Fed’s TALF Consumer Lending Program Starts With Nissan Debt

March 18 (Bloomberg) -- A $1.3 billion package of securities backed by Nissan Motor Co. auto loans became the first small piece of what Federal Reserve officials say may grow into a $1 trillion effort to unfreeze business and consumer lending.

Nissan’s planned bond sale marks the debut of the Fed’s Term Asset-Backed Securities Loan Facility, or TALF. The securities will likely price on March 19, the deadline for investors to apply to the Fed for loans to buy the debt, according to a person familiar with the sale who declined to be identified because terms aren’t set.

The Obama administration is counting on the TALF plan to help end the credit crunch and recession, thawing the market for asset-backed securities so lenders can make new loans to consumers. The program, first announced in November, was hampered by delays as investors, dealers and issuers worked on details.

“A number of people were concerned that some glitches might not have been ironed out this week” in time to meet the first deadline for investors to apply for the Fed loans, said Malcolm Dorris, a senior partner in the securitization group at law firm Dechert LLP in New York. “Getting a deal done in March is good for the program. We are still in the wait-and-see stage.”

Investors have shunned debt backed by consumer loans as unemployment has climbed in the worst financial crisis since the Great Depression. Sales of the bonds plunged 40 percent last year to $106 billion, according to data compiled by Bloomberg, choking off funding to lenders. About $2.3 billion of debt backed by auto loans has been sold this year, compared with more than $9.6 billion in the same period of 2008, according to data from JPMorgan Chase & Co.

Spreads Soar

Central bankers and Treasury haven’t been able to meet Fed Chairman Ben S. Bernanke’s goal of reducing consumer interest rates along with the borrowing costs paid by banks. The difference between rates on 30-year fixed mortgages and 10-year Treasuries was 2.1 percentage points as of yesterday, Bloomberg data show. That’s up from an average of 1.75 percentage points in the decade before the subprime mortgage market collapsed.

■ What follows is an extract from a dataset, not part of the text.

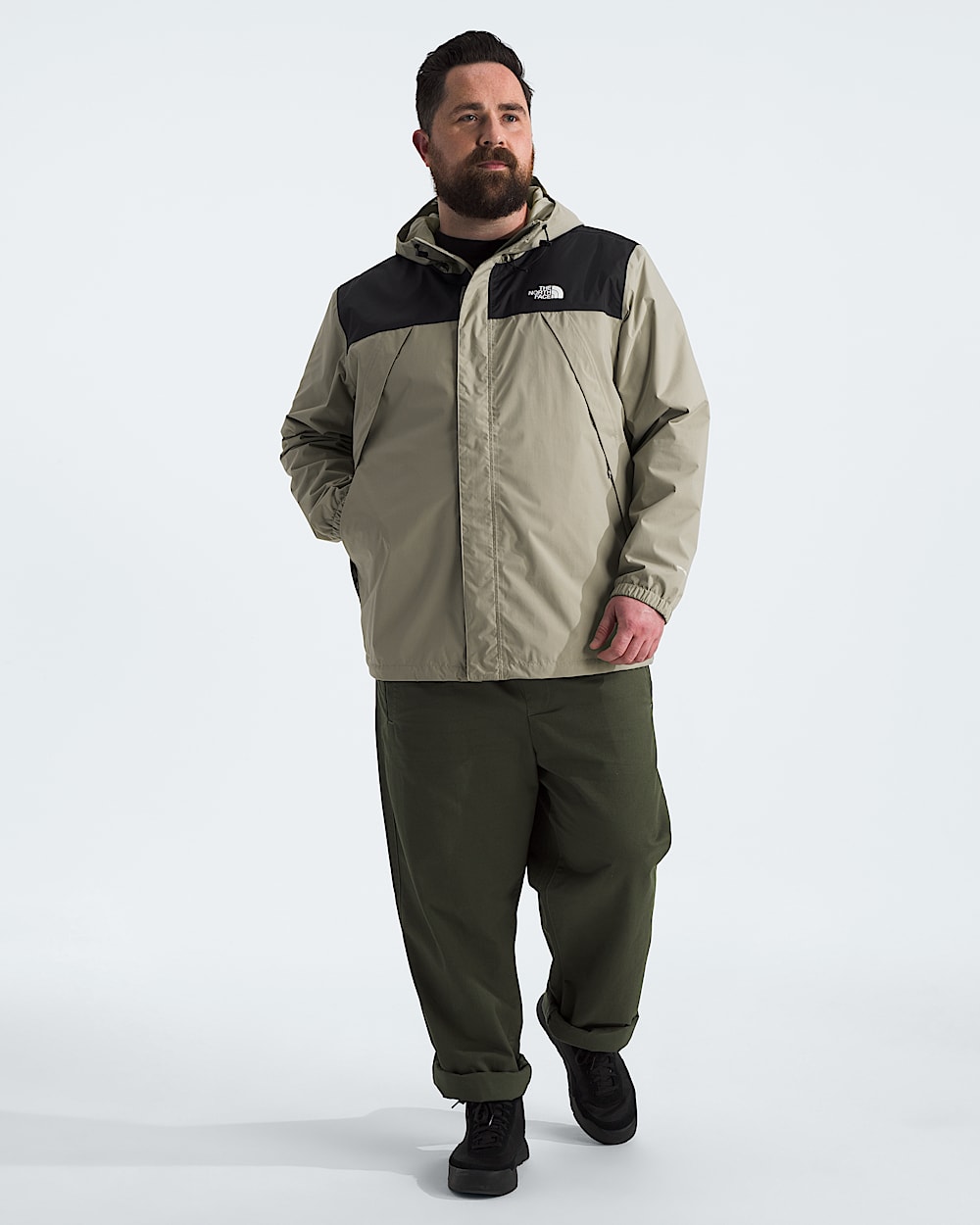 THE NORTH FACE アントラジャケット 5X ノースフェイス Men's Big Antora Jacket | The North Face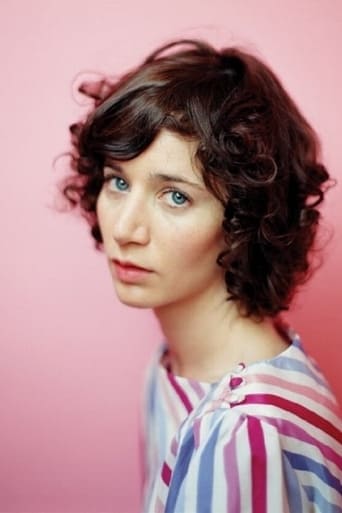 Portrait of Miranda July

The extra yield relative to benchmark interest rates that investors demand to own debt backed by consumer loans has soared amid concern that defaults will climb. Top-rated bonds backed by auto loans are trading at about 300 basis points more than the one-month London interbank offered rate compared with 65 basis points in January 2008, JPMorgan data show. One-month Libor, a borrowing benchmark, is currently 0.56 percent.

AAA Rated

The first phase of the TALF will finance the purchase of as much as $200 billion of AAA rated securities containing loans for autos, education, credit cards and small businesses. Officials eventually plan to include other assets, including commercial mortgage-backed securities.

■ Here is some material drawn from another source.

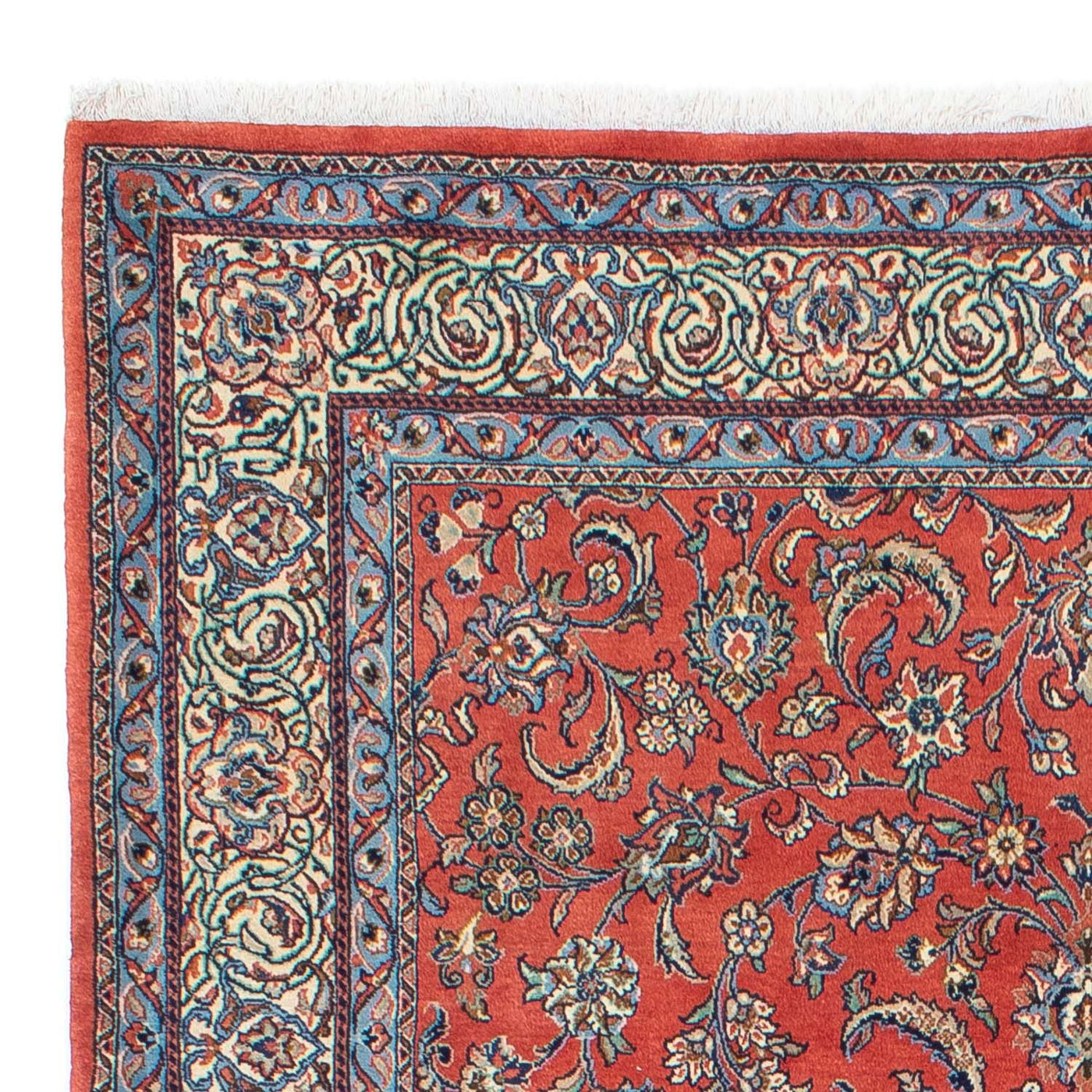 サルーク 絨毯 300x208cm - ペルシャ絨毯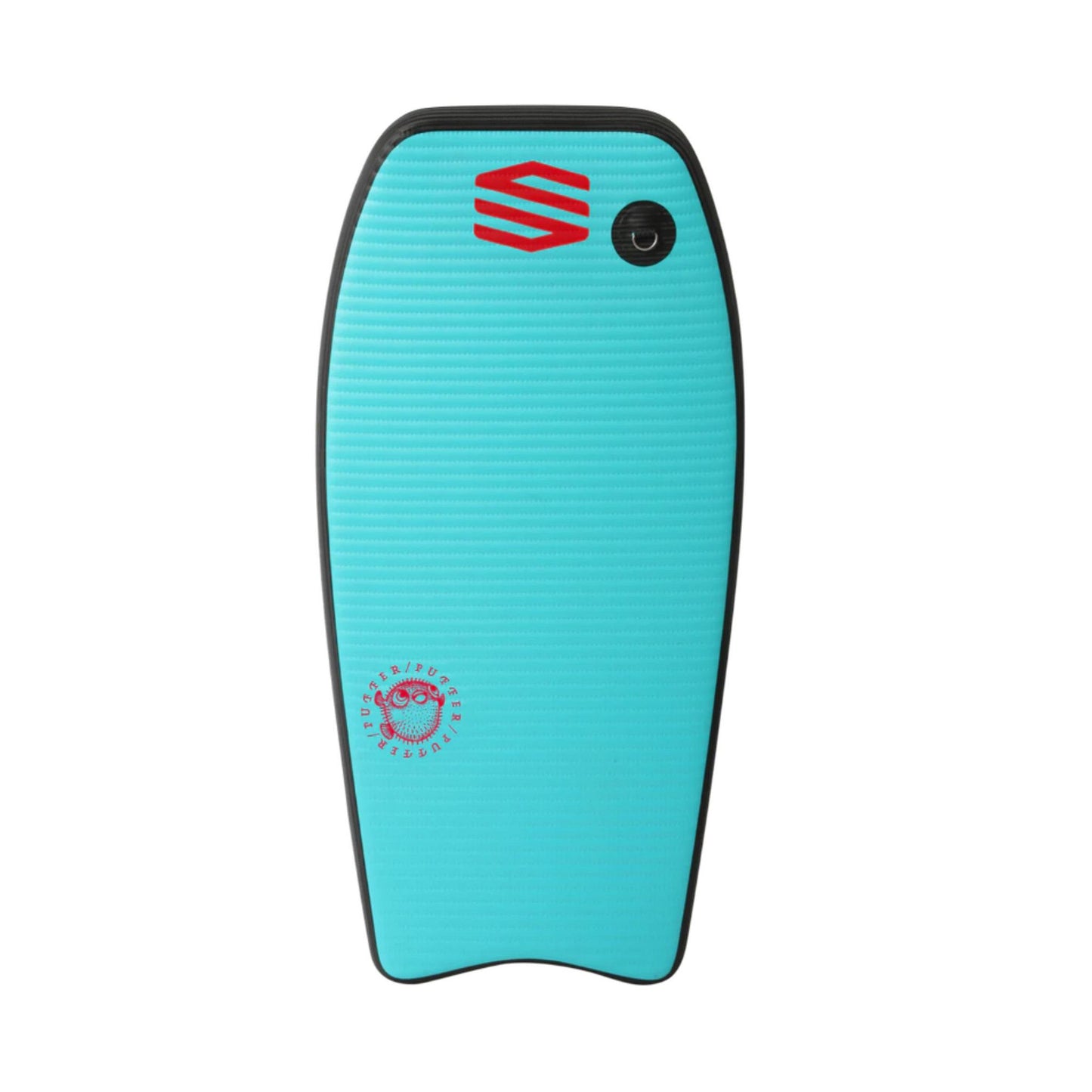 SNIPER aufblasbares Bodyboard PUFFERFISH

The Fed originally planned to start the TALF in February, then delayed the debut to ensure “all our legal and procedural steps had been taken,” Bernanke said in congressional testimony Feb. 25. On March 3, the Fed and Treasury said applications for the first deals would be due in two weeks, with loans disbursed on March 25.

The largest AAA portion of the Nissan sale maturing in 1.98 years may price to yield between about 185 basis points and 200 basis points more than benchmark interest rates, the person said. JPMorgan and Bank of America Corp. are underwriting the bonds.

Tokyo-based Nissan sold more than $3 billion of debt backed by auto loans last year, Bloomberg data show. Other auto finance companies, including World Omni Financial Corp., have indicated they plan to access the TALF. The Deerfield Beach, Florida-based lender filed a prospectus with the U.S. Securities and Exchange Commission on Jan. 12 to sell securities backed by auto loans.